When they shut off the small engine that ran the feed grinder, Chris looked up to see Sophia.

She said, "When you guys are finished, we have lunch ready. We have ham, green beans, corn and I baked some apple turnovers for desert."

"Wow! That sounds good," Chris told her. Sophia beamed and said, "Hurry up before it all gets cold."

"I'd give you a kiss for those apple turnovers, but this is pretty dusty work and I wouldn't want to get your clean dress all dirty."

Sophia's heart thumped a couple times at the thought, but she tried not to let it show. She turned quickly and trotted to the house to get the meal on the table with her Mom. Everyone ate their share and said it was very good. After lunch, Chris went to wash up and found Sophia had put a kettle of hot water by the kitchen sink to add to the cold water from the hand pump there. He thanked her and was rewarded with another big smile.

Later that day Sophia joined Chris when he went out to plant some early salad greens in the coldframes his Dad had made.

"Mom said to have you put in some onion seeds in there, too, so I brought them out."
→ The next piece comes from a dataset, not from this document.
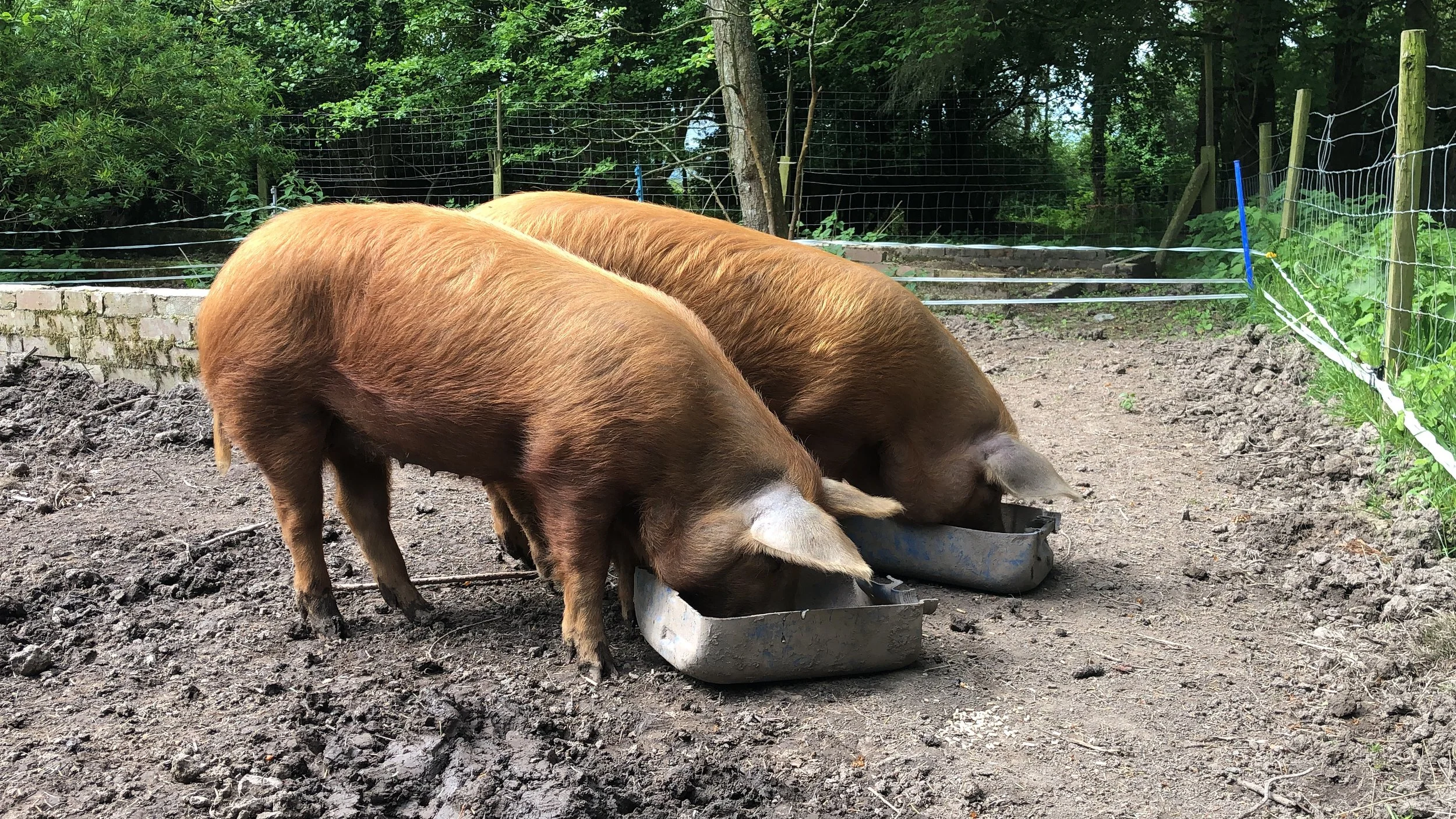farm pigs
"Okay, I guess there's room for some."

She lingered a minute watching him. She had to know, so she asked him.

"Do you like me Chris?" She couldn't help her face getting red when she said it.

Thankfully, or maybe not, he didn't look up from what he was doing.
"Of course I like you! You're my sister, and you're really nice."
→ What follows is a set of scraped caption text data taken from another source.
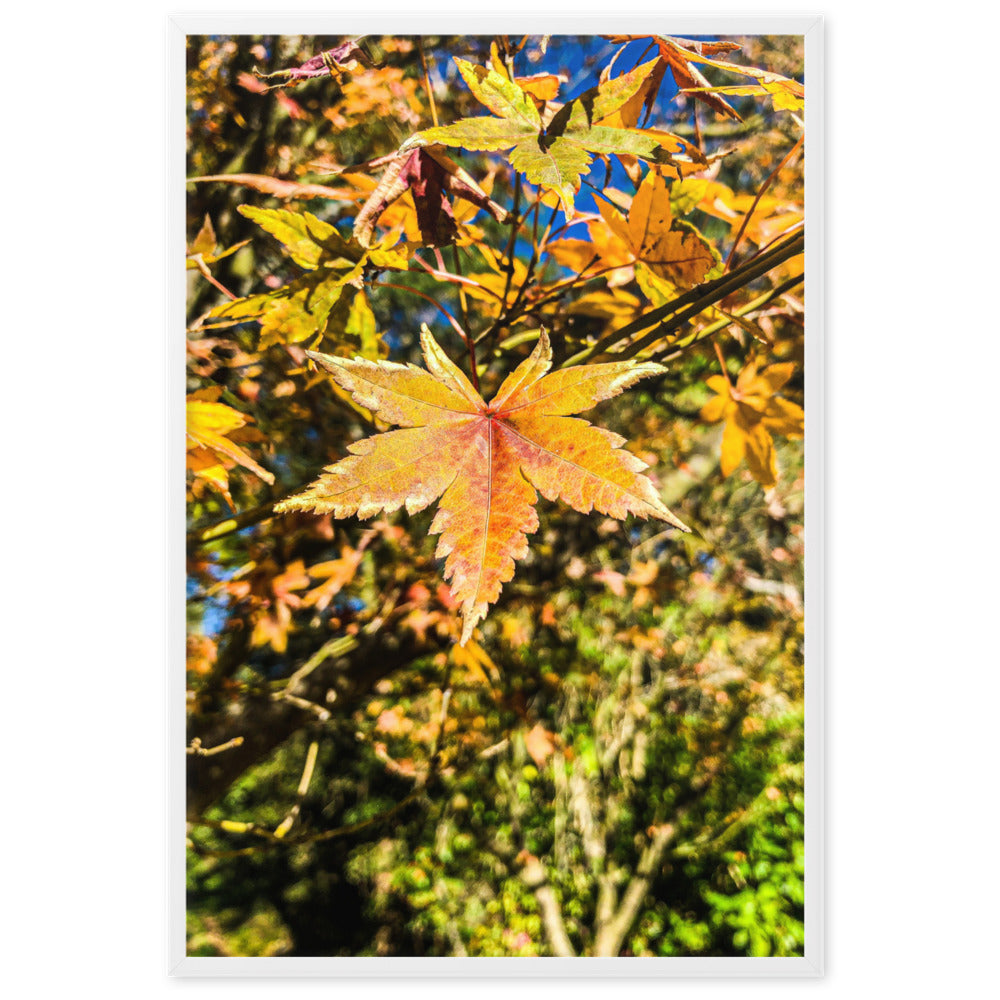Autumn Leaves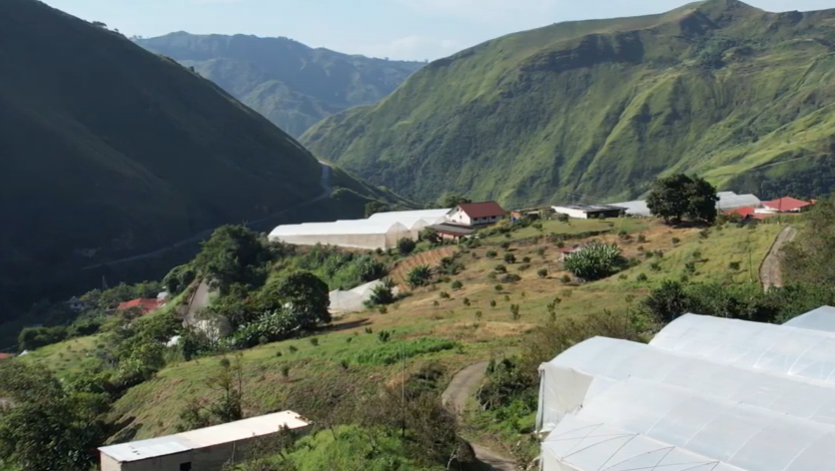 Productores trabajan en sustitución de agroquímicos por técnicas ecológicas para el control de plagas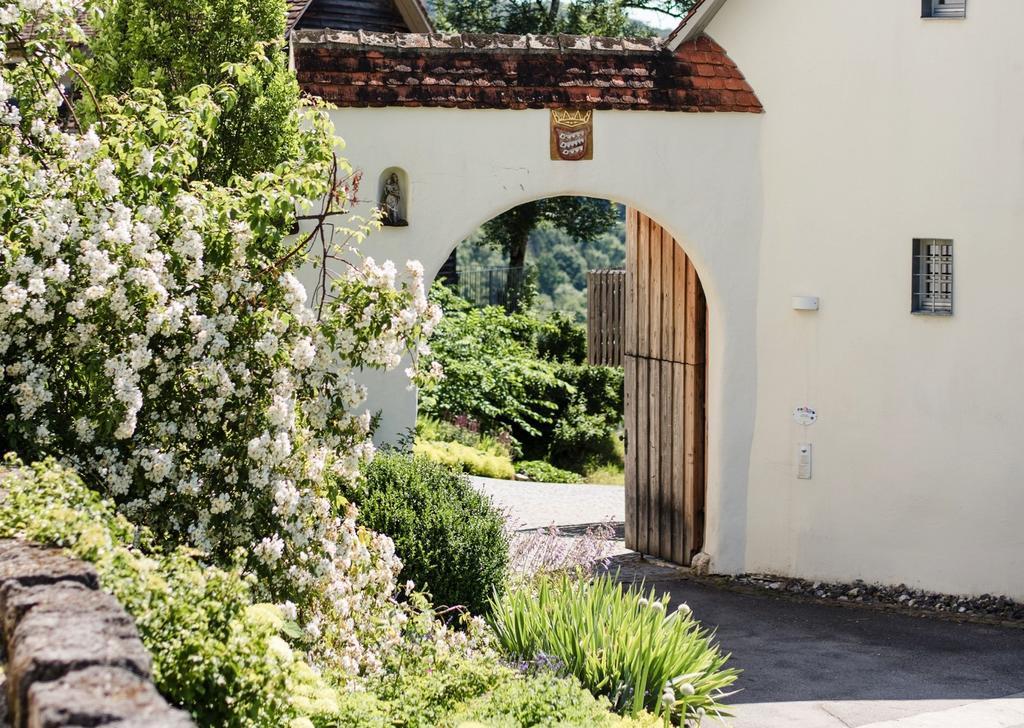 Naturhotel Die Maise - Veranstaltungs- und Tagungshotel Hayingen Exterior foto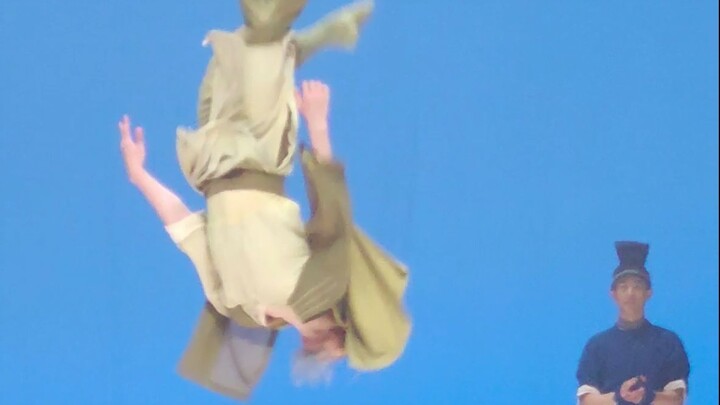 They are really good at flying!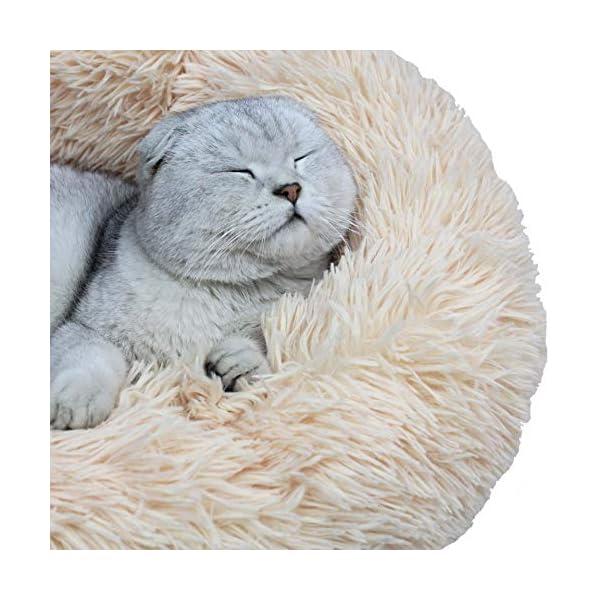 BODISEINT WonderKathy Haustierbett für Katzen oder kleine Hunde, modernes weiches Plüsch-Haustierbett für Katzen oder kleine Hunde, mittelgroß, selbstwärmend, für Herbst und Winter, für den – Bild 5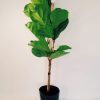 Ficus Lyrata Mediano - Image 4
She was a little flustered, but she went on. "I don't mean like a sister. I mean do you like me as a girl?"

"You're the nicest girl I know, Sophia."

"I like you a lot Chris. Did you really mean it when you said you'd kiss me for the turnovers?"

"Sure I did. They were really good!"

He wiped his hands on the grass and stood up to give her a peck on the cheek. Sophia held his face between her hands and kissed him full on the mouth, then backed away quickly and blushed again. This time he saw it and stood there looking at her like he was seeing her for the first time.

She said, "Was that okay?"

Chris finally found his tongue and said, "Yeah, it was okay. It was nice."

Sophia had to get the idea across to him. "We're not really brother and sister, you know?"

"We just as well be. You're family, and we all love you Sophia."

"I know, but I like you better than a brother. Oooh!" She turned and ran around the house then went inside and hid in the bathroom until she got herself calmed down.

Chris stood there, wondering what that was all about. It was that night when he was getting ready for bed that she passed him in the hallway and gave him a slightly guilty looking smile. And then he knew. It took him a while to get to sleep that night, thinking about Sophia.